The program has existed for over a decade. It originally focused on a small group of students with high aspirations who self-selected to join the program.
That’s changed this year. The Park City Education Foundation has expanded the program. Now, every first-generation student at Park City High can opt in during registration. About 210 students are participating in the program this year.
With the help of foundation funds, the high school hired a new counselor who is solely focused on supporting those students. Pepper Elliot, who worked in the district for 10 years as a scholarship advisor, holds the new position.
“I'm there full time to help support our first-generation students,” she said on KPCW’s “Local News Hour” Sept. 16. “I get to meet with each student one-on-one to plan out, you know, future plans that match their goals and their strengths for college or career trade school, whatever it is that they're interested in doing.”
Elliot is hosting weekly meetings with first-generation students to discuss college and career options as well as financial aid. She also plans to take the students on field trips to Utah universities, including Utah State, Utah Valley and the University of Utah.
Education foundation President Ingrid Whitley said the program will still continue past high school as well.
“We still have our college program manager, Valeria [Sandoval], on our team, supporting all the students who are currently in post-secondary,” she said.
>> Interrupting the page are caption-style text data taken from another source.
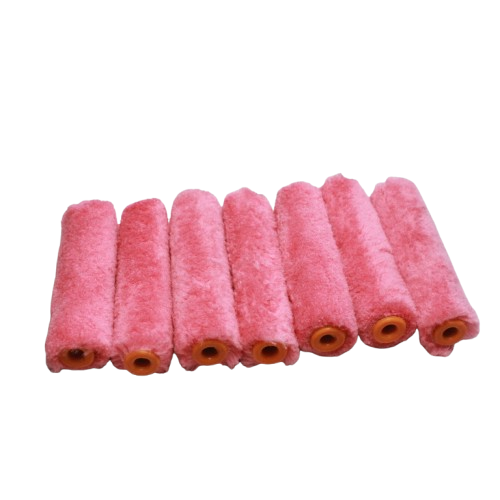 Refill Bulu Roll Kuas Cat Tembok Dinding Kapal Kecil Isi Ulang — 5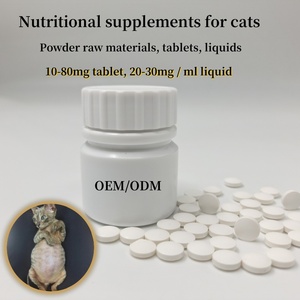 Supplementi nutrizionali per animali domestici per <span class=keywords><strong>compresse</strong></span> di gatti e pillole fonte di fornitura alla rinfusa su misura - Product Image 5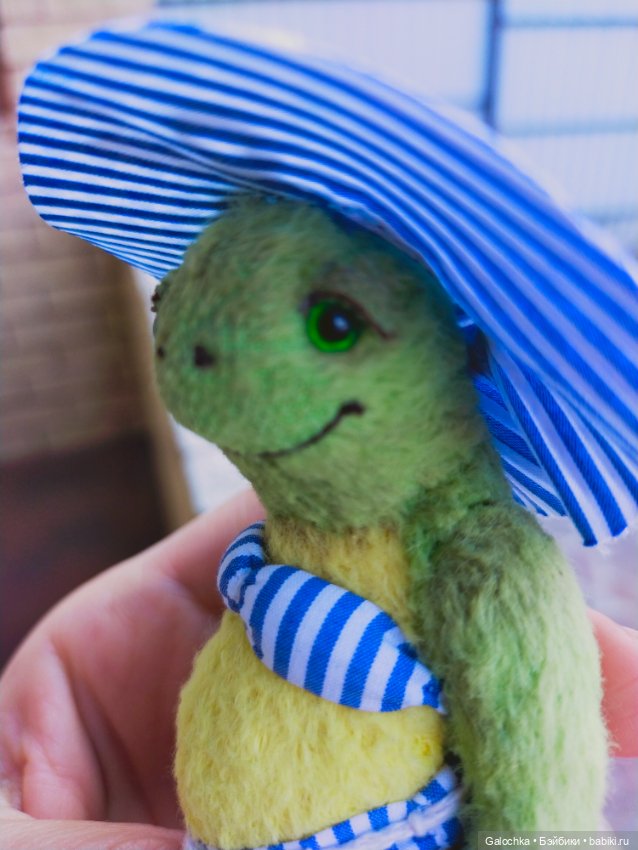 Топик благодарности — Домашние фото авторских игрушек: Тедди (фото 3)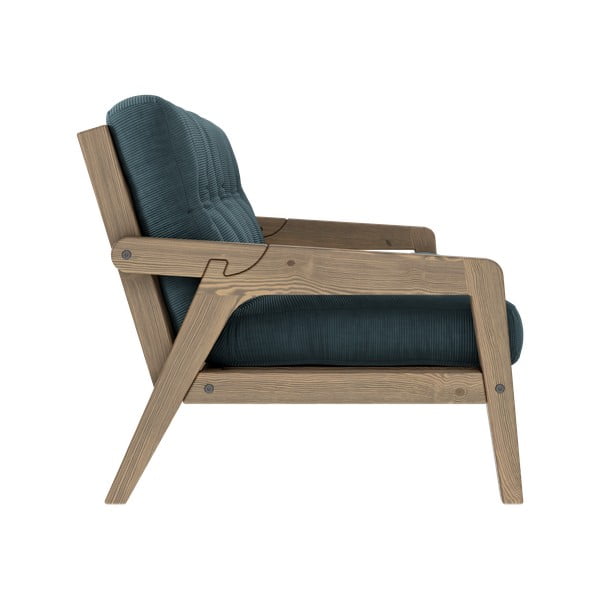 Sinine koordi diivanvoodi 204 cm Grab - Karup Design-image-4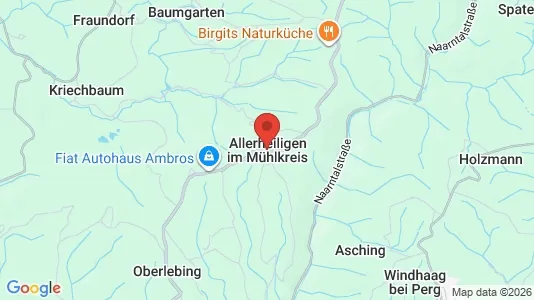 Apartments for rent in Allerheiligen im Mühlkreis - Photo from Google Street View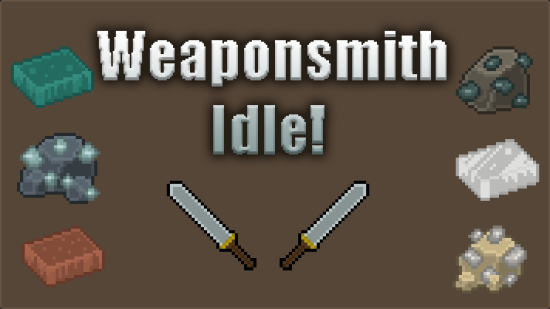 Weaponsmith Idle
That includes one-on-one coaching, financial aid and scholarship information, as well as emergency assistance when needed. Whitley said the foundation is considering how to expand post-secondary support to accommodate increased program participation.
But the jump in Bright Futures participation has raised concerns among some of its founders.
In a Jan. 14 letter to the foundation’s board, nine founding sponsors wrote that while the foundation’s changes are admirable, they are not the mission of Bright Futures. They said the additional students will weaken the program’s ability to help college-bound students succeed.
Whitley has said the changes grew out of a strategic planning process undertaken by the staff and board that considered the foundation's work over the past six years.